Case study — one hour with AI saved me €1000 a year

This is not theory. It’s a continuation of a series of real cases. In the first article I described how AI helped me close a case with Polish debt collectors. Here — how I reduced my monthly car insurance from €140 to €60. That’s about €1000 a year on one car.

How it started

I bought a car in the Netherlands. A standard passenger car under 2 liters. The insurer quoted €140 per month.

Why so much? “That’s the standard rate for foreigners. Everyone gets this.” You’re new in the country, you have no local history, we have no data — pay like a beginner.

I knew what Dutch drivers with similar experience pay. Around €40 per month. So I was overpaying €100 every month. Over a year that’s €1200. Over five years — €6000. Serious money for “because you’re a foreigner”.

It bothered me.

First attempt — on my own

I googled. Asked friends. Wrote to the insurer asking them to review it. I also threw a few questions into AI — without context, just “my insurance is expensive, how do I reduce it”.

Everywhere the answer was the same: “This is for all foreigners, you don’t have history in the country, you can’t do anything.”

And again I thought — stop. That can’t be right. Twenty years of driving. No serious incidents. And they tell me “you can’t do anything”?

So I’m asking the wrong question. I need a different approach.

Second attempt — a one-hour conversation

I sat down and spent an hour telling AI my whole story. Not “help me lower insurance”, but:

  • who I am and where I moved from
  • when I got my license, when I replaced it, which license versions I currently have
  • how many cars I had and who they were registered to
  • which policies I bought before, whether there were claims, whether there were accidents
  • how exactly I bought this specific car in the Netherlands, which documents I submitted and which I didn’t
  • what the insurer already refused and on what arguments

This is not a regular AI prompt. It’s an interview. I spoke, it asked follow-up questions, clarified details, and nudged me with the right prompts.

After an hour it knew my situation better than I did.

What AI found immediately

First issue — the license date.

I have a Ukrainian license. I got it in 2004. In 2017 I exchanged the paper card for a plastic one. The plastic shows the date 2017.

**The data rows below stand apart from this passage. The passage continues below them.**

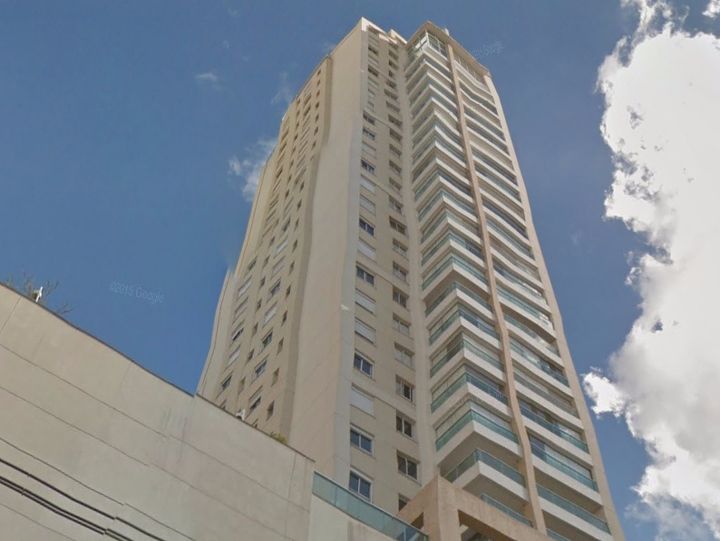 Imagem de fundo do condomínio Condomínio - Altana Chácara Klabin - São Paulo - SP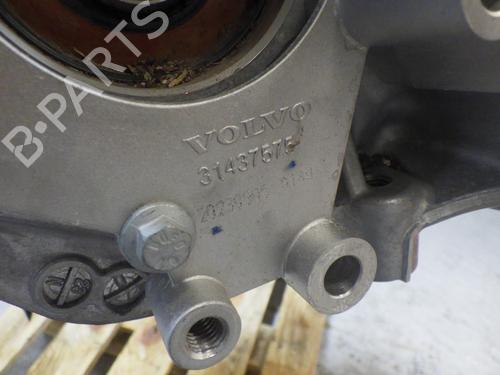 Gearbox VOLVO XC60 II (246) T8 Hybrid AWD | BP24254414M3  - Image 9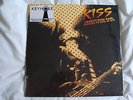 Vinyl Album: Kiss : Live Lafayette Music Room 1974 : Sealed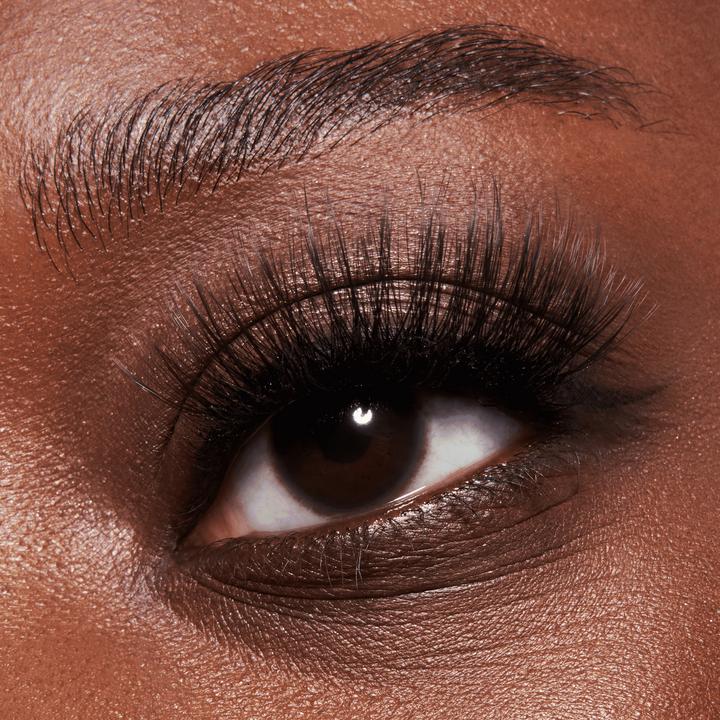 Actual product image Catrice 8D Lashes To Kill (Artificial eyelashes)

The insurer looked at that date and assumed I’ve been driving for 9 years, not 22.

This isn’t “evil” — it’s a formal process: what’s in the document is what counts. I didn’t even notice it.

Second issue — insurance history on paper.

AI asked: “Do you have official proof that you’ve been insured as a driver all these years?”

And I realized the real problem.

Over 22 years I had many cars. But they were registered to different people and entities — partly to family, partly to friends, some were work cars, some rentals, some leases. I drove, I managed, I maintained. Legally, the policyholder was someone else.

My “history” was spread across a dozen names. Policies were in my name only when I personally paid for them. As a result, my official insurance history is about 1.5 years — on paper, for my whole life.

That’s a painful discovery. But AI said: that’s not a failure. That’s simply the baseline we work from.

How AI gathered evidence

First — to figure out what can actually be confirmed with documents.

AI itself found the official site where I could request a certificate about my insurance history from Ukraine. It told me where to write, what data is needed, and what format to use. I submitted the request and received the certificate. Yes, 1.5 years. At least it’s official.

Then — workarounds to demonstrate the real driving experience:

  • **Photos of my original 2004 license.** I still had it at home. AI told me to photograph it and attach it to the email. Proof that I’ve been driving since 2004, not 2017.
  • **Proof that 2017 was an exchange, not a first issue.** On the back of the plastic license, in small print, there is the original category issue date. I didn’t pay attention. AI did.
  • **No-claims / no payouts.** I never received insurance payouts. AI suggested emphasizing this explicitly — it matters in the premium formula.
  • **Careful framing about family use of cars.** AI formulated it delicately — without any lies, but focusing on actual driving experience, not only the formal “policyholder” label.

What went to the insurer

AI drafted a structured letter with four blocks of evidence and references to specific attached documents.

I verified it. I don’t speak Dutch, so I asked AI to explain each paragraph in Ukrainian. I checked the meaning. Agreed. Sent it.

A week later — the reply: €140 → €100.

That’s already €40/month saved, or €480/year. Most people would stop there.

I didn’t.

The second letter

AI suggested adding one more document — a clear photo of my original paper license from 2004 with the issue date visible. Separately emphasize that the plastic license was an exchange, not a new license. And separately add the document about no payouts across the years.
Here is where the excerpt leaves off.